## [Problem statement]
All lines in the records below from the line with "Foto 2 - Villa Frazione Caserme" through the line with "3 Bedroom Apartment in Fresnaye" are to be given again exactly, both ends included; the pictures are to be left out.

## [Supplied data]
-- Opening Marker --

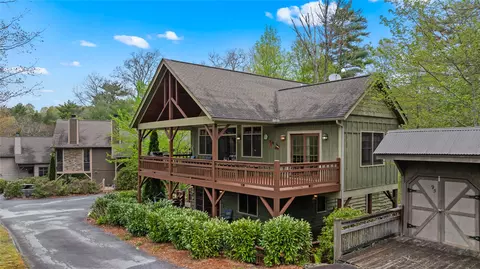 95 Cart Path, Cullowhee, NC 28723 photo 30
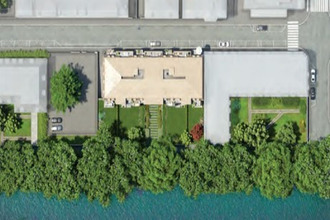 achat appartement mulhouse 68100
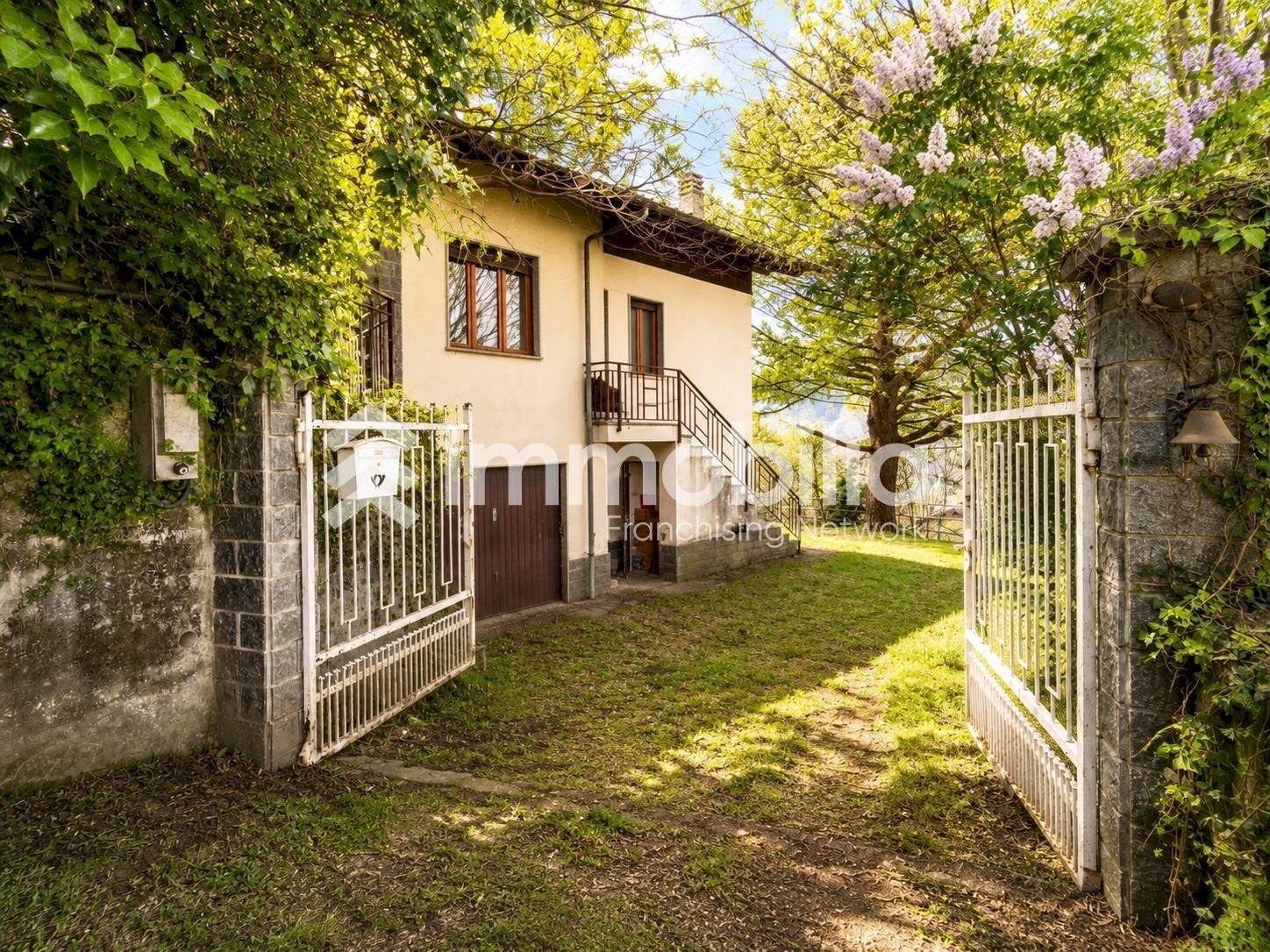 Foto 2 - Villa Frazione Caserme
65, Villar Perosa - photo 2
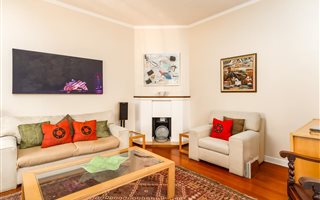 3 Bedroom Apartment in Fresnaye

-- Closing Marker --
-- Opening Marker --

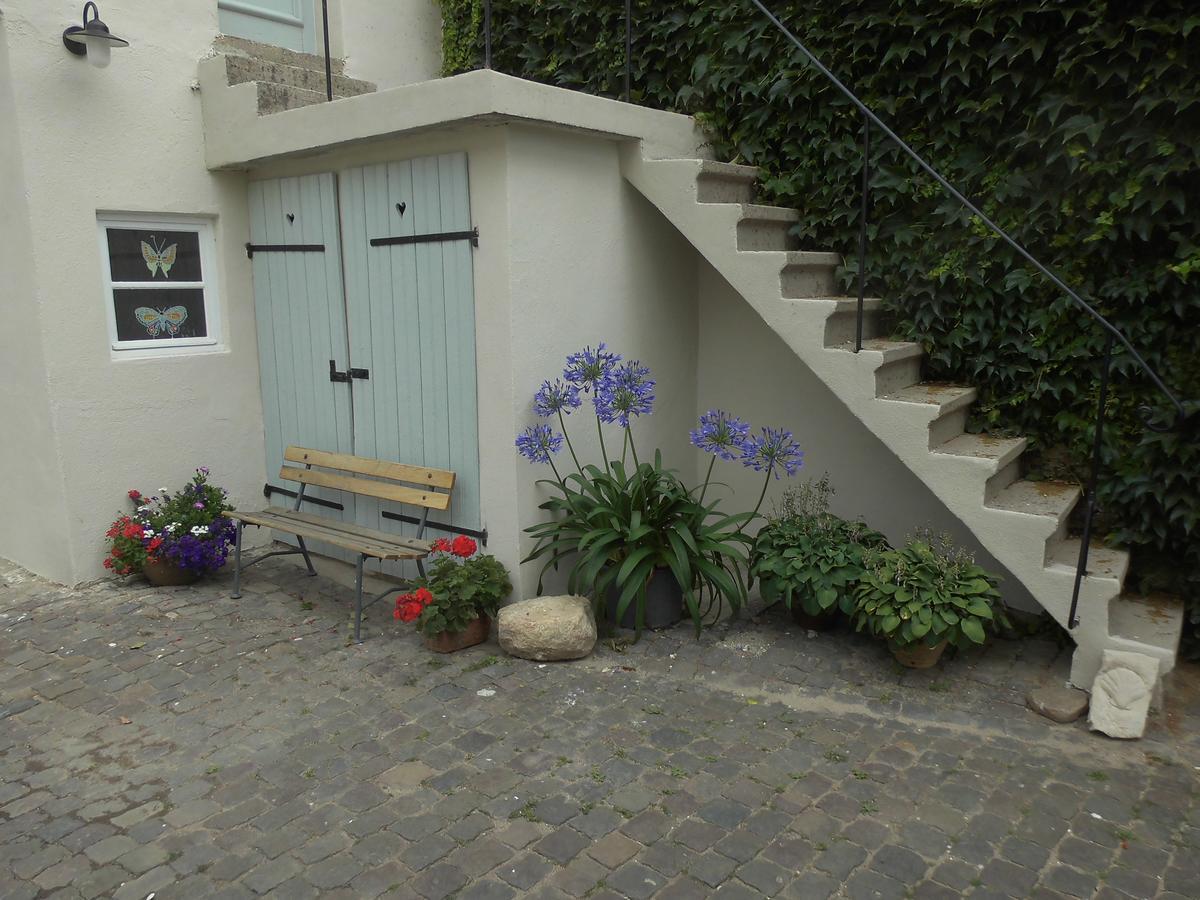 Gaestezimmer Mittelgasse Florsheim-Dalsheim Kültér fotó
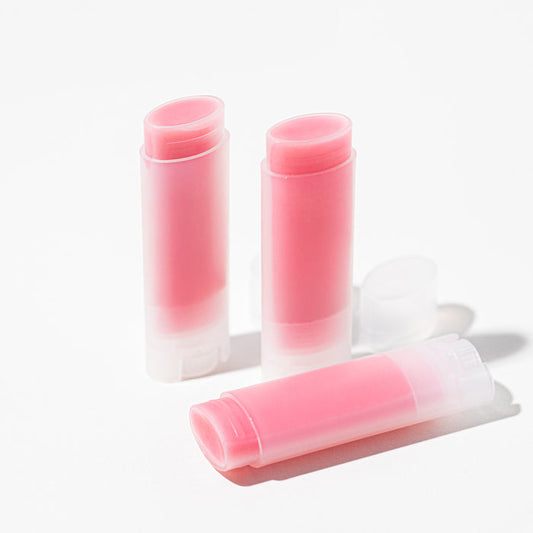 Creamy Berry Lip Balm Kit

-- Closing Marker --

## [Expected answer]
 Foto 2 - Villa Frazione Caserme
65, Villar Perosa - photo 2
 3 Bedroom Apartment in Fresnaye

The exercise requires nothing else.